Тем самым чисто фактически опровергается концепция, рассматривающая роман как некое «продолжение» или «перелицовку» рыцарского эпоса (В. В. Сиповский писал, например, что современный роман порожден «полемическим задором в борьбе с рыцарским эпосом». Цит. соч., стр. 342). Роман возникает самостоятельно и в известное смысле даже игнорируя традиции, вырастая как бы непосредственно из самой современной жизни. Мы много говорим об определяющей роли народа в развитии искусства, но слишком уж часто этот тезис остается общей декларацией. В истории возникновения романа эта роль масс, создающих художественное явление совершенно нового типа, проявляется с осязаемой выпуклостью. Жизненный опыт нескольких поколений переломной эпохи опредмечен в новаторских повествованиях, хотя все их значение, естественно, не может быть осознано самими создателями, — это совершается лишь в литературе, воспринимающей и развивающей новую форму эпоса.

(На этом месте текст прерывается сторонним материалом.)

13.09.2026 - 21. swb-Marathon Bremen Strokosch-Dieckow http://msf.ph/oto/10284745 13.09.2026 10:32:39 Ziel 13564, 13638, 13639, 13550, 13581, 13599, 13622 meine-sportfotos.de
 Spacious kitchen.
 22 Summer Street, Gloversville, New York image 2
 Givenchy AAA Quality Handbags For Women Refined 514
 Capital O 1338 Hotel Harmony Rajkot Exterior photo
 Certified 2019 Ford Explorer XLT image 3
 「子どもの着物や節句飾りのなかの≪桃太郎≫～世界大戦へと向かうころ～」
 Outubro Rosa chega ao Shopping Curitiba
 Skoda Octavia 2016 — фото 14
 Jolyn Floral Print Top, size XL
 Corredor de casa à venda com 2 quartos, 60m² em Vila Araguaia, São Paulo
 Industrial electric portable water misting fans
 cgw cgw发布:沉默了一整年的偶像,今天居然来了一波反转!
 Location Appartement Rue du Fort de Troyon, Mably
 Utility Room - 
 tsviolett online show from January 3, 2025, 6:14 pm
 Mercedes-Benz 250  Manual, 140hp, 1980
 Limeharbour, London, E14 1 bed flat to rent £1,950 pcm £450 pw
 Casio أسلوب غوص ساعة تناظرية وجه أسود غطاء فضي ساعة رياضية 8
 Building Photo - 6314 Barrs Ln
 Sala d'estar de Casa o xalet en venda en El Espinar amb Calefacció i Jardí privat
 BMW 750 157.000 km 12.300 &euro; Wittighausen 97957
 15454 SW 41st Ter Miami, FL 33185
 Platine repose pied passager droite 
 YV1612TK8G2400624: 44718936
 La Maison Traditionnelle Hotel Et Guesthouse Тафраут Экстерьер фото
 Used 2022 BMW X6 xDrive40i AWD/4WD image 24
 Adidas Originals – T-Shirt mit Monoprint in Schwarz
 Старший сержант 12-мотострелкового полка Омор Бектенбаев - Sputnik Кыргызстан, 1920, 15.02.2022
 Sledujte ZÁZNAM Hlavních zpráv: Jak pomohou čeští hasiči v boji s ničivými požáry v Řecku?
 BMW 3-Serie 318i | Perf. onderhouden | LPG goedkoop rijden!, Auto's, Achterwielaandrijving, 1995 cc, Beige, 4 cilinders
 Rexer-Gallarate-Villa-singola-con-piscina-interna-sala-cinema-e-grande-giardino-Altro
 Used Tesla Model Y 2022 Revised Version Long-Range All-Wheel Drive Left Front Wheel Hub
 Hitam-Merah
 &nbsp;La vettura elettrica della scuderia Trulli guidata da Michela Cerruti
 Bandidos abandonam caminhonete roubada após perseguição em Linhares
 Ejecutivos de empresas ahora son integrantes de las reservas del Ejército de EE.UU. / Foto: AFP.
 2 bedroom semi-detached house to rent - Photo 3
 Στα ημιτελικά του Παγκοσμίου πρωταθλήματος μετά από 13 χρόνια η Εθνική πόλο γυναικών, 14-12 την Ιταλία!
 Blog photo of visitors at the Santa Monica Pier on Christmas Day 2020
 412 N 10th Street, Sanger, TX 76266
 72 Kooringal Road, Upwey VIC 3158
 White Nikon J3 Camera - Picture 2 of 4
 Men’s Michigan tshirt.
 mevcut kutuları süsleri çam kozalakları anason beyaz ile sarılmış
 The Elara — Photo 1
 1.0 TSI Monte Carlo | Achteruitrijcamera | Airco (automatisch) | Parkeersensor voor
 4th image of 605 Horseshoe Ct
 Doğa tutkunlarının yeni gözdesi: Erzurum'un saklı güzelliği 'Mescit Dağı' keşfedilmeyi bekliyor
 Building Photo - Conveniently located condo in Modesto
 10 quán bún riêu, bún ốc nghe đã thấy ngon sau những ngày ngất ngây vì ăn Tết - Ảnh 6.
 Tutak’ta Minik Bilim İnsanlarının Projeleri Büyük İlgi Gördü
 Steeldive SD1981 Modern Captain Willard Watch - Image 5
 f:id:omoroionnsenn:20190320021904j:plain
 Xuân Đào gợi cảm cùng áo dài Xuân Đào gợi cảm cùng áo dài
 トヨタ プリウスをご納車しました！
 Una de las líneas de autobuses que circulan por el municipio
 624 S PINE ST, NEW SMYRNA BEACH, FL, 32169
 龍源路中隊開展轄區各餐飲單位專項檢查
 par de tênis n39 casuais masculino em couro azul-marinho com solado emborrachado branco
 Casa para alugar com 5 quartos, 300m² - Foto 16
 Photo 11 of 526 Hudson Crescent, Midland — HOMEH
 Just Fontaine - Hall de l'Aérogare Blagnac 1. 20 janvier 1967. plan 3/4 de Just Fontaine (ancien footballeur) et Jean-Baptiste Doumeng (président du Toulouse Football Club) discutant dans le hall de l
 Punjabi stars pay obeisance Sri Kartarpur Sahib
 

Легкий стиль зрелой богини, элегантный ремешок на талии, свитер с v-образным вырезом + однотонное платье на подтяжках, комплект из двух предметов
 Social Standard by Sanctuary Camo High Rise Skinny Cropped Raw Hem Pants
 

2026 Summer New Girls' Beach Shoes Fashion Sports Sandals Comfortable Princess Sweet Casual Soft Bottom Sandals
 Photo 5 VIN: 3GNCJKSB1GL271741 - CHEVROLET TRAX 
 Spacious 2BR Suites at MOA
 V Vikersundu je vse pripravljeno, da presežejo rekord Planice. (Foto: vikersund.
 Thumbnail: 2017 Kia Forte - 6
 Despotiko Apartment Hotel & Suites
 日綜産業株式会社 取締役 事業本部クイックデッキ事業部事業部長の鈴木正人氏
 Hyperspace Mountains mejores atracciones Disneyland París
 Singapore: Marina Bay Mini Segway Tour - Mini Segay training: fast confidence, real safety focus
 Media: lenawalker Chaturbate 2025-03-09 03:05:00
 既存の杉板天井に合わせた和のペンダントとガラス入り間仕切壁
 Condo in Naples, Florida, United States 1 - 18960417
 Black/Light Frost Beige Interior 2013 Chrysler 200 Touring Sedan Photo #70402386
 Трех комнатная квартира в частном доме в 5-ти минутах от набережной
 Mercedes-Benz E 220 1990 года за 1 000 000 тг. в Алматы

6. О подготовке романа в предшествующей литературе.
До сих пор, говоря о романе, мы опирались в основном на народную книгу о Тиле Уленшпигеле. И весьма вероятно, что столь обширный и подробный разговор об этом произведении кажется странным и неоправданным. Ведь книга о Тиле едва ли может служить образцом жанра — как в силу своего фольклорного происхождения (роман ведь принципиально литературный жанр), так и просто в силу своего примитивизма, выводящего ее за пределы «высокого» искусства.
Однако, рассматривая эту народную книгу (а тем самым и ее многочисленных собратьев — вплоть до уже полулитературного «Ласарильо с Тормеса»), мы получаем два огромных, неоценимых преимущества. Во-первых, мы можем так или иначе показать, увидеть, что роман возникает в начале буржуазной эпохи заново, как бы на пустом месте. Ибо создатели книги о Тиле едва ли находились в русле тех вековых литературных традиций, из которых многие влиятельные теоретики склонны выводить новейший роман (античные эротические и комические повести, рыцарский эпос, литературная новелла раннего Возрождения).
Во-вторых, книга о Тиле предоставляет нам редкую возможность говорить непосредственно о содержании жанра. В ней все еще неопределенно, неоформленно. С одной стороны, это ведь всего-навсего сборник ходячих анекдотов; но в то же время между ними и сквозь них проходят, неожиданно возникая, какие-то новые токи и взаимосвязи (что я и старался показать выше). Простой тематический мотив путешествия вдруг становится содержательной структурой жанра; сам анекдотизм каждого из эпизодов, все нарастая, оборачивается ощущением какого-то трагизма жизни (как, например, в комических сценах Брейгеля); смерть героя, призванная оборвать нескончаемую цепь приключений, не дает действительной законченности — чувствуется, что движение могло продолжаться снова и снова: жанр лишен завершенности.
Словом, жанровая форма как бы возникает на наших глазах прямо из материала — из попросту соединенных шванков о Тиле Уленшпигеле. Позднее, в развитом романе, содержательность формы будет глубоко запрятана, скрыта; здесь же все еще словно сшито белыми нитками и очевидно. Таким образом, книга о Тиле, живущая где-то на пересечении фольклора, жизни и литературы, представляет собою идеальный исходный пункт для решения проблемы романа. На нее еще не наслоились мощные воздействия литературных традиций, а жанровая форма еще не затвердела.
Однако в дальнейшем совершится и то и другое: жанр воспримет многообразные традиции и обогатится ими, а с другой стороны — обретет сложную, тонко разработанную и прочно «облегающую» содержание форму. Уже в XVII веке плутовской роман, который по основной структуре предельно близок книге о Тиле, опирается на все предшествующее развитие эпоса. В него входят созданные за века формы повествования, диалога, описания. Именно теперь роман как бы возвращается и к позднеантичной прозе, и к рыцарскому эпосу с его сложными фабульными конструкциями, и к высокой повествовательной культуре новеллы XIV — XVI веков. Одни традиции он воспринимает, от других отталкивается. И лишь сейчас, когда мы уже поставили вопрос о самостоятельном рождении романа в горниле народного творчества, мы можем обратиться, к проблеме традиций, не опасаясь ложного преувеличения и абсолютизации их роли. Роман как таковой не возник и не мог возникнуть в античной и средневековой литературе. И в то же время несомненно, что задолго до рождения романа складываются литературные предпосылки, по-своему предвещающие будущий жанр. Прежде всего роман, конечно, связан с развитием эпоса вообще. И в этом смысле и народный героический эпос, и позднеантичная проза, и рыцарские повествования, и ренессансная эпическая поэма могут быть поняты как стадии последовательного развития эпического искусства — развития, ведущего к роману.